Brief: The needed output is the run of lines below from the one containing "Blusa Bobeau - Rosa" through the one containing "Sale Midas Shoes", copied exactly and free of pictures.
*** Opening of Data for the task ***
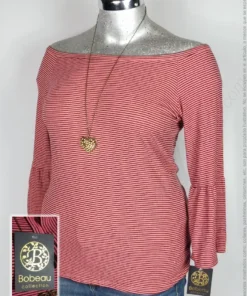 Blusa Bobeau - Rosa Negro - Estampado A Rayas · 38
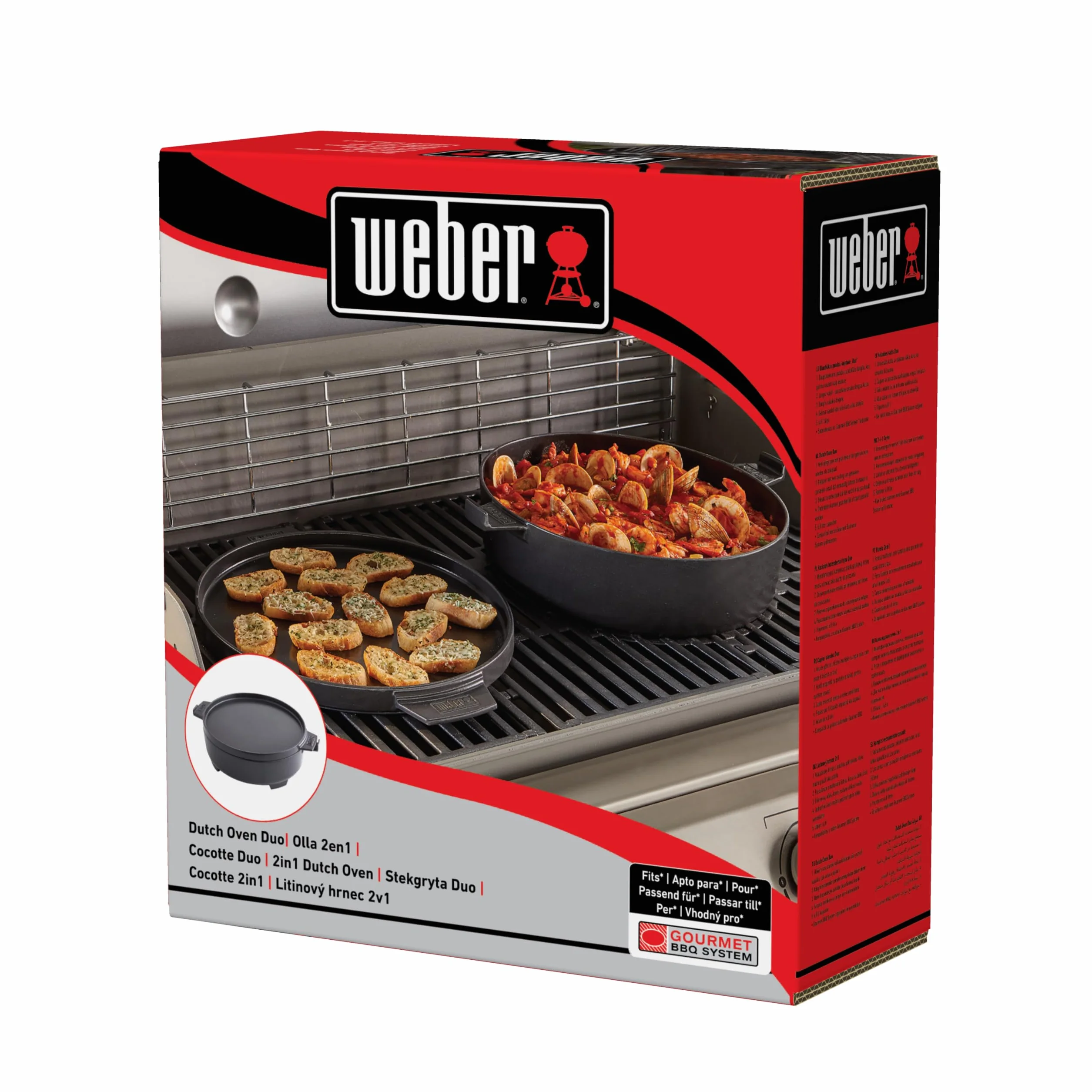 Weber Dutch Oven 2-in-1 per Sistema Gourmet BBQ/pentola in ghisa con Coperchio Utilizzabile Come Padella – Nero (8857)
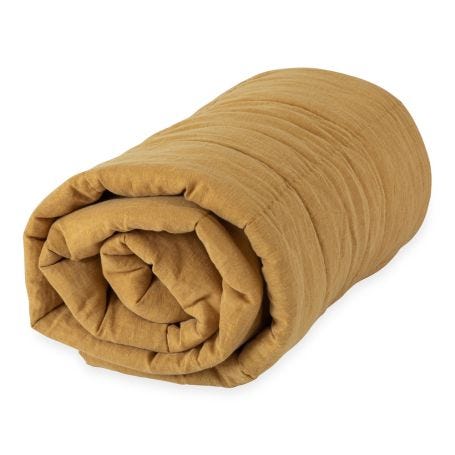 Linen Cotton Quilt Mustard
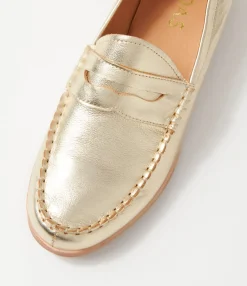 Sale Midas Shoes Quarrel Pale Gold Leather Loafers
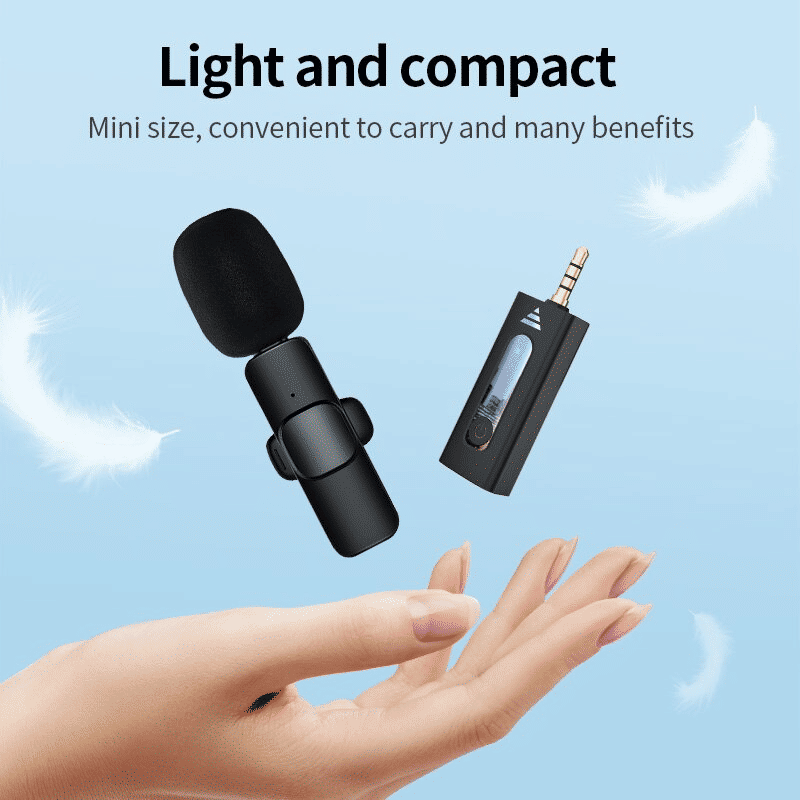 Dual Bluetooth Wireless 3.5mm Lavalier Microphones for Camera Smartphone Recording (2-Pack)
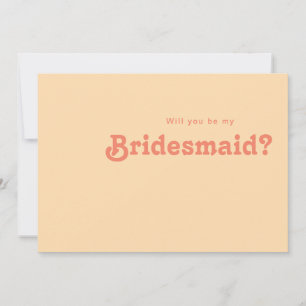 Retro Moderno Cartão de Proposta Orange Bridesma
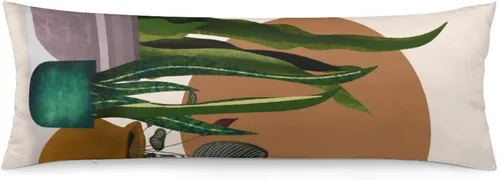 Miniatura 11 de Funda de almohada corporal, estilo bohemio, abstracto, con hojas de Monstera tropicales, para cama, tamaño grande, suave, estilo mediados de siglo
*** Close of Data for the task ***
*** Opening of Data for the task ***
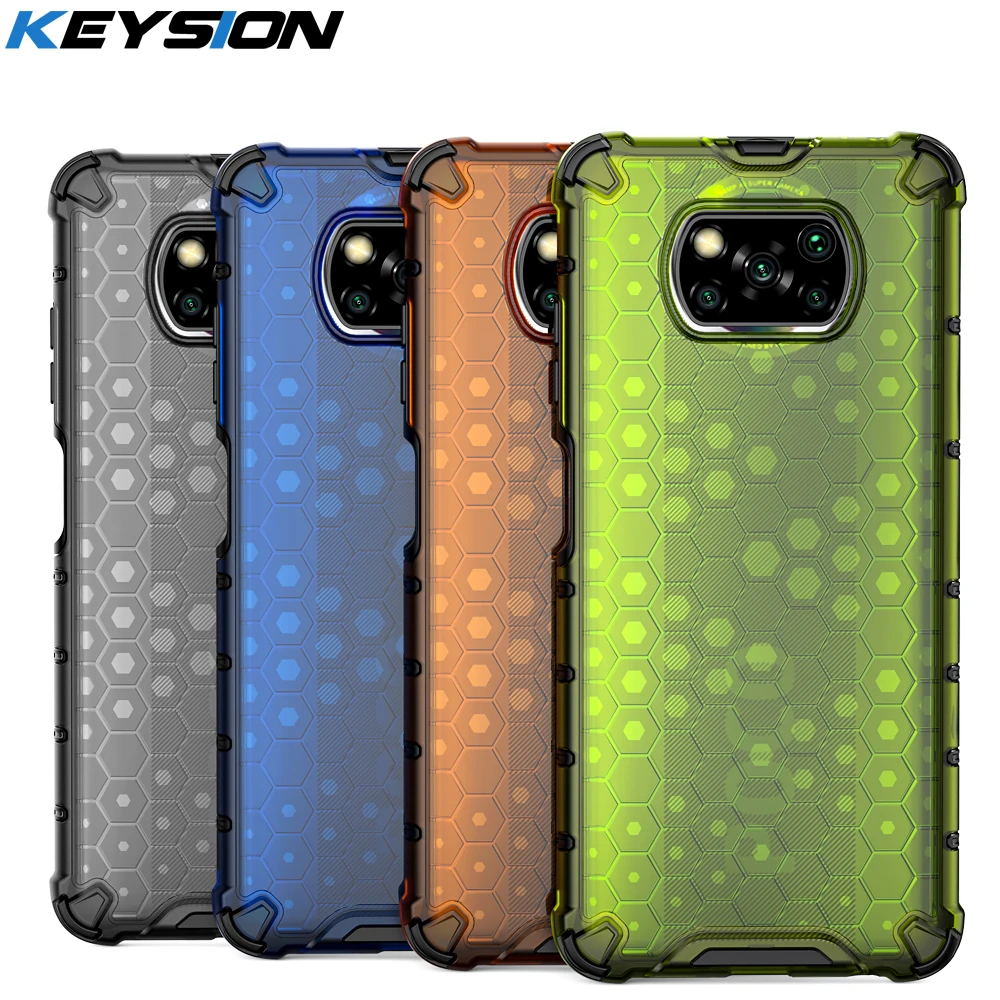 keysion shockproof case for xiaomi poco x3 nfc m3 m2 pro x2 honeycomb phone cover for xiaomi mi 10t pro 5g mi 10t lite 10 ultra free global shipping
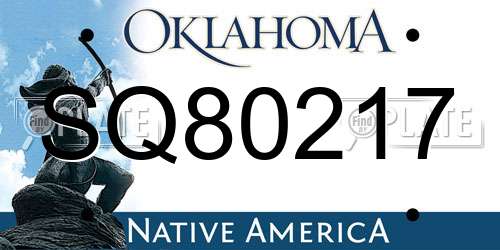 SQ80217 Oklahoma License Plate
*** Close of Data for the task ***
Response area:
 Blusa Bobeau - Rosa Negro - Estampado A Rayas · 38
 Weber Dutch Oven 2-in-1 per Sistema Gourmet BBQ/pentola in ghisa con Coperchio Utilizzabile Come Padella – Nero (8857)
 Linen Cotton Quilt Mustard
 Sale Midas Shoes Quarrel Pale Gold Leather Loafers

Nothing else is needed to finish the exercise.